Exercise brief
Copy out, exactly, the first line of the entries below and every line after it through the one containing "Holiday Inn Express".

(Beginning of Data supplied)

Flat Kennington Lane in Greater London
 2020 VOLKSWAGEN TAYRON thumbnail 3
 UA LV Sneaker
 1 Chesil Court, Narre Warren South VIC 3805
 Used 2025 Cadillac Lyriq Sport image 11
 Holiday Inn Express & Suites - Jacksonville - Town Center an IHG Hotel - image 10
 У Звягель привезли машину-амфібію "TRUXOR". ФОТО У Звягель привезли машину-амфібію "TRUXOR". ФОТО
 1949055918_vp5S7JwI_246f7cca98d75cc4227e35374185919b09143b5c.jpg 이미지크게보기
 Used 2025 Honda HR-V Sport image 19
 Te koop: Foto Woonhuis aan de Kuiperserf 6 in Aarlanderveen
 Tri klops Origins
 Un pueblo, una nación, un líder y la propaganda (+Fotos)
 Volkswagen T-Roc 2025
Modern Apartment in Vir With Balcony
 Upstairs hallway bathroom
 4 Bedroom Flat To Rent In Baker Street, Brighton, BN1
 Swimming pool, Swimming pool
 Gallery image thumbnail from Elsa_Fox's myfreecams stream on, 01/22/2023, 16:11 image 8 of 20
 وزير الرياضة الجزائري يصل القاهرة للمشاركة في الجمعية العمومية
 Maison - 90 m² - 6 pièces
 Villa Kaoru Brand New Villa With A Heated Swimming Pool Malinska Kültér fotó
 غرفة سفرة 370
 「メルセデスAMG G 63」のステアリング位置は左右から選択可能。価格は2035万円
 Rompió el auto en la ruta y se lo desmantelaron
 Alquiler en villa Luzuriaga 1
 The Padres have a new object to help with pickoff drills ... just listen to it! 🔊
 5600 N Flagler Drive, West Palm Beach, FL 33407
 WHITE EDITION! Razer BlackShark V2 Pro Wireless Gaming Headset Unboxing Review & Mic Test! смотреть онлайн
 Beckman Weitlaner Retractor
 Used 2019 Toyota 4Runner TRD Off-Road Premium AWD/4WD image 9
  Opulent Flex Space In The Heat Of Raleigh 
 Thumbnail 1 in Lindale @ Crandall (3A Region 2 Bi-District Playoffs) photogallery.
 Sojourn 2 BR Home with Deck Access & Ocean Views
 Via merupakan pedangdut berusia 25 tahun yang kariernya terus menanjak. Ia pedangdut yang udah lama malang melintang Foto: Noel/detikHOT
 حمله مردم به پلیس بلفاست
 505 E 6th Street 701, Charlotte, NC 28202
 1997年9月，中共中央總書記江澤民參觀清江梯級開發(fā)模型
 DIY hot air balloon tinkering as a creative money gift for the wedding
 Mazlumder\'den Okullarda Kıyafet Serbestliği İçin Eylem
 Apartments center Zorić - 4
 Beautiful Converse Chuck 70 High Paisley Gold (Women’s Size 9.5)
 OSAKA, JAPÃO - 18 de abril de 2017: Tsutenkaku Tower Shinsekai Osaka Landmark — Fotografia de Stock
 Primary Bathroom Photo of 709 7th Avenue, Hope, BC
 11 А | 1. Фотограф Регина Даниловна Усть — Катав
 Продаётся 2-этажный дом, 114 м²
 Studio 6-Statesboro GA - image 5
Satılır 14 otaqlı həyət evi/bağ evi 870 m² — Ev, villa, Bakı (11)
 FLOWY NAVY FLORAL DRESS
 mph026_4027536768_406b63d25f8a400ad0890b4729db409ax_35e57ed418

(End of Data supplied)

Output of the task
Flat Kennington Lane in Greater London
 2020 VOLKSWAGEN TAYRON thumbnail 3
 UA LV Sneaker
 1 Chesil Court, Narre Warren South VIC 3805
 Used 2025 Cadillac Lyriq Sport image 11
 Holiday Inn Express & Suites - Jacksonville - Town Center an IHG Hotel - image 10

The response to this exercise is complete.